Aufgrund verschiedener Beschwerden insbesondere von Seiten der Internethändler ist das Bundeskartellamt im Jahr 2010 tätig geworden und hat ein Ermittlungsverfahren gegen den Hersteller Aloys F. Dornbracht GmbH & Co. KG eingeleitet. Das Verfahren wurde jedoch schnell eingestellt, nachdem Dornbracht eine Überarbeitung der Vertriebsverträge zugesagt hatte. Das Bundeskartellamt sah von der Verhängung eines Bußgelds ab, erhob aber gegenüber der gesamten Branche mahnend den Finger. In dem Fallbericht zum Dornbracht-Fall mahnte das Bundeskartellamt im Dezember 2011:

„Das Bundeskartellamt erwartet, dass auch andere Hersteller, die ähnliche Verträge abschließen, ihre Regelungen anpassen. Sollte sich der erwünschte Erfolg nicht einstellen, nämlich eine kartellrechtskonforme Belieferung aller Vertriebswege zu erreichen, behält sich das Bundeskartellamt vor, weitere Verfahren in diesem Bereich zu führen.“

Doch hat sich der erwünschte Erfolg eingestellt? Nach Erkenntnissen der Welt plante die Branche anlässlich der diesjährigen ISH-Messe in Frankfurt (12. bis 16. März 2013) eine Absichtserklärung des DGH und des Sanitär-Zentralverbands zu unterschreiben, in der der dreistufige Vertriebsweg betont und eine noch engere Zusammenarbeit zwischen Großhandel und Handwerk vereinbart werden sollte.

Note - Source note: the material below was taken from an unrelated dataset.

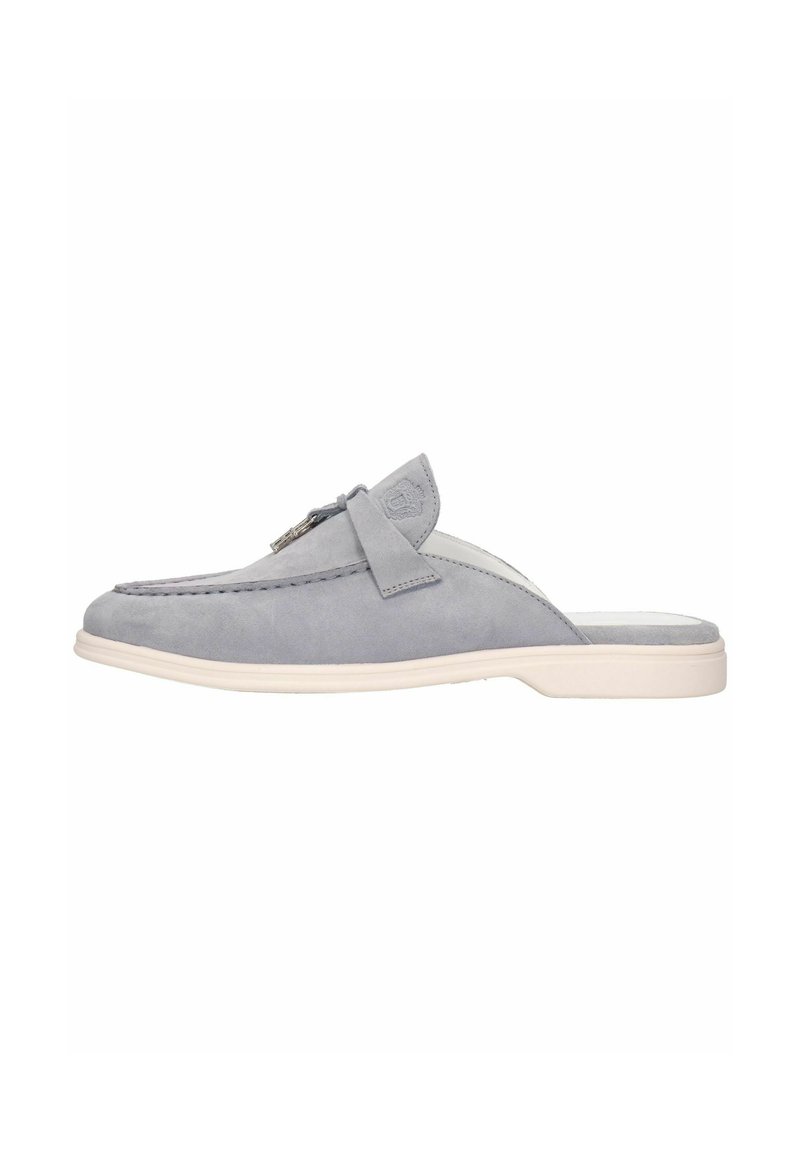 Chaussure à enfiler en suède gris avec un bout arrondi, semelle en caoutchouc de couleur claire contrastante et détail de nœud décoratif sur le dessus.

Die Entscheidung der Hersteller und Fachgroßhändler, trotz der ausdrücklichen Warnung des Bundeskartellamts an ihrer grundsätzlichen Ablehnung des Internetvertriebs festzuhalten, war mutig. Zunächst schien dieser Mut auch belohnt zu werden. Das OLG Düsseldorf hat die Auffassung des DGH bestätigt, dass er als Handelsverband keine Versandhändler aufnehmen muss. Ebenso ohne Erfolg geblieben ist bisher die Schadenersatzklage eines Onlinehändlers in Höhe von 2,5 Millionen gegen Dornbracht, wegen der kartellrechtswidrigen Diskriminierung des Onlinehandels. Das LG Köln stellte zwar die Kartellrechtswidrigkeit fest, lehnte den Schadenersatzanspruch aber wegen Mängeln bei der Darlegung des konkreten Schadens ab.

Es bleibt abzuwarten, welchen Maßstab das Bundeskartellamt letztlich auf das Verhältnis zwischen Markenherstellern und dem Fachhandel bezüglich der Beschränkung des Internetvertriebs anwendet. Das (vorläufige) Fazit der erneuten Ermittlungen: Was für Hunde gilt, muss nicht für Beamte gelten. Beamte, die bellen, beißen auch!